HestiaCP - make it secure

Hi. I am not totally newbie (i have some linux experience and i know how to install hestia), but is there a particular guide to make hestia safe? After install I have to do addition changes, edits to make hestia secure? I would love to host some basic wordpress websites from my vps, but i am not sure if i have to install clamav at all (if i know how to secure wordpress)? I was searching for a guide which explain this steps, but i was unable to find anything, so that is why i am starting a new forum post. Thank you!

Hi @outwork

Basicly hestia is build as secure as possible, there is nothing additional you need to do (probaly enable let’s encrypt, http/https forward and hsts - also ssl for mail domain makes it more secure)

Thank you for your answer @Raphael! Do you recommend installing clamav for simple wordpress websites (a few portfolio websites)? I am on the smallest hetzner package (1 vCPU, 2gb memory) and clamav east a lots of memory. So it is recommanded in my case or i can live without it. Thank you once again :slight_smile:

clamav is much more related to checking mails and attachments to those, I’d say you probably can easily live without it in a lot of cases. for securing wordpress rather look into something like wordfence …

1 Like

This is my memory usage in the same hetzner package:

I’d say change your port admin port number is a good start

Not related to security, but to help keep clamav happy, I’d suggest setting up a swapfile.

Careful with swap file! Its purpose is to provide some slack when a program temporarily requests some more RAM, than what is available at that moment. If a program is constantly using lots of RAM (like clamav) you need to use a server with more RAM, otherwise the server is going to swap a lot and because of that it will become slow.
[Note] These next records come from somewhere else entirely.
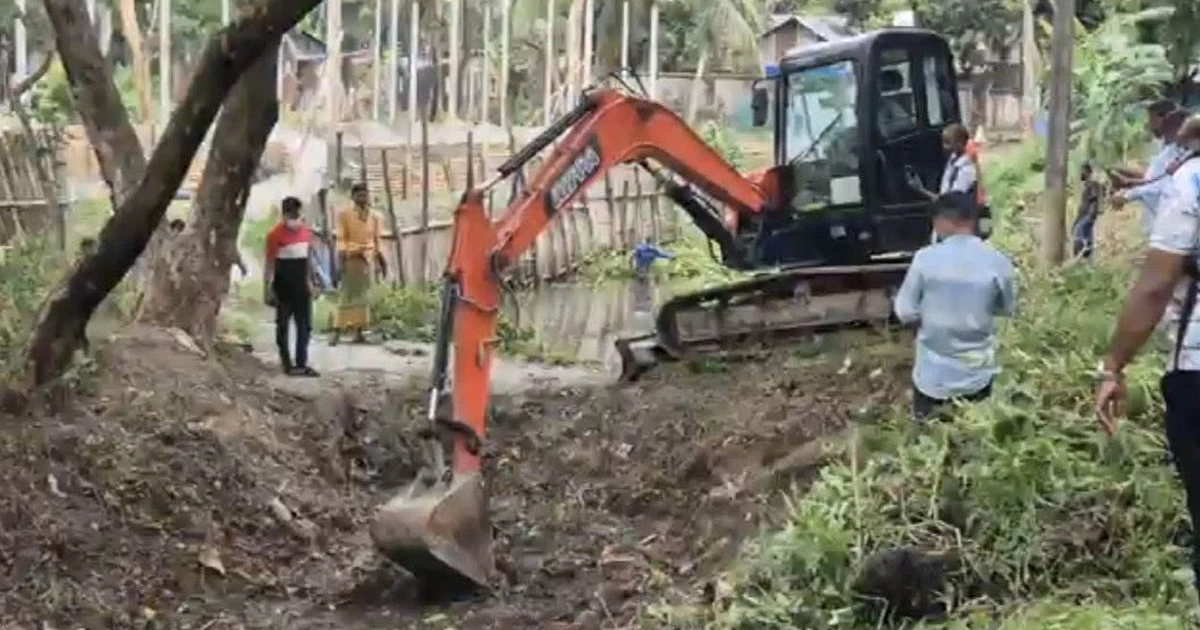 নোয়াখালীতে ডেঙ্গু প্রতিরোধে খাল পরিস্কার কর্মসূচি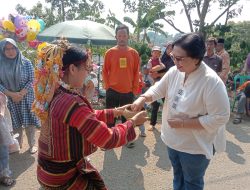 Irma Suryani Anggota Komisi IX DPR RI Kunjungi Masyarakat Buay Pemaca OKU Selatan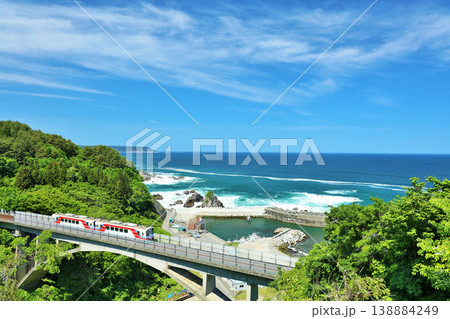 岩手県　青空と青い海の三陸鉄道 138884249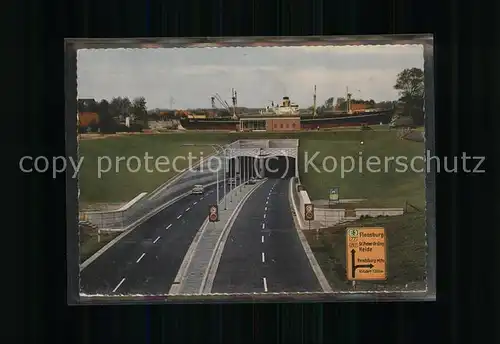 Autobahn Rendsburg Strassentunnel Nord-Ostsee-Kanal / Autos /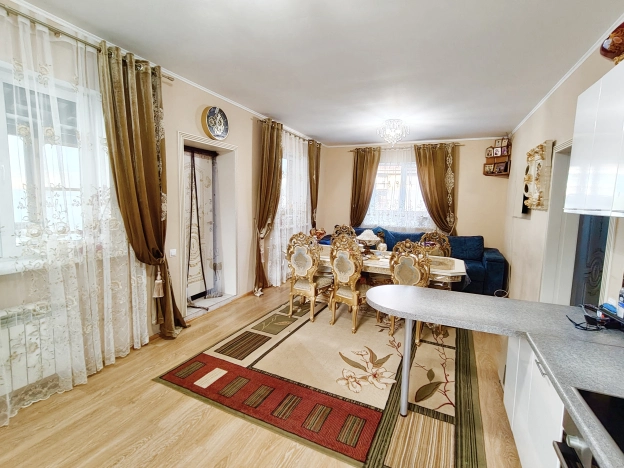 Купить дом в Москве. Вариант № 2052103, 3, площадь -  квм, цена 14000000 рублей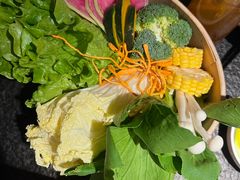 -三出山火锅(南京万象天地店)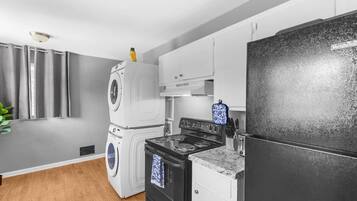 Køleskab, mikrobølgeovn, ovn, kogeplade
Also please note that VPS servers based on OpenVZ Virtualization, won’t let you create a swap file. If the provider does not offer swap, then you can’t add it yourself.

1 Like

Sorry to resurrect this post, but in my case, enabling lets encrypt, http/https forward and hsts doesn’t make the panel secure. It still says in the browser that it is an insecure connection, and if using chrome, it wont even allow me to access the panel. i have to go through firefox.
Any thoughts?

Please check https://docs.hestiacp.com/admin_docs/ssl_certificates.html to enable LetsEncrypt on hostname…

@eris - Thank you for your help. I see that step now in the documentation.
For others that may be new like me, checking “Enable SSL for this domain” and its subsequent checkboxes from within the hestia panel on your primary domain doesn’t secure the panel.
You need to follow the extra documented step that @eris has pointed out.

If you don’t mind me asking, is there a preferred order to this? Do you enable SSL/lets-encrypt/etc. from within Hestia first on your primary domain, and then run the bin command via ssh, or is the reverse of that the better way?

It seems to have worked for me via the first option - (due to my missing the bin command entirely at first).

Thank you again and have a great day.

Most Sincerely,

The “preferred” method is to do it during install but currently not possible.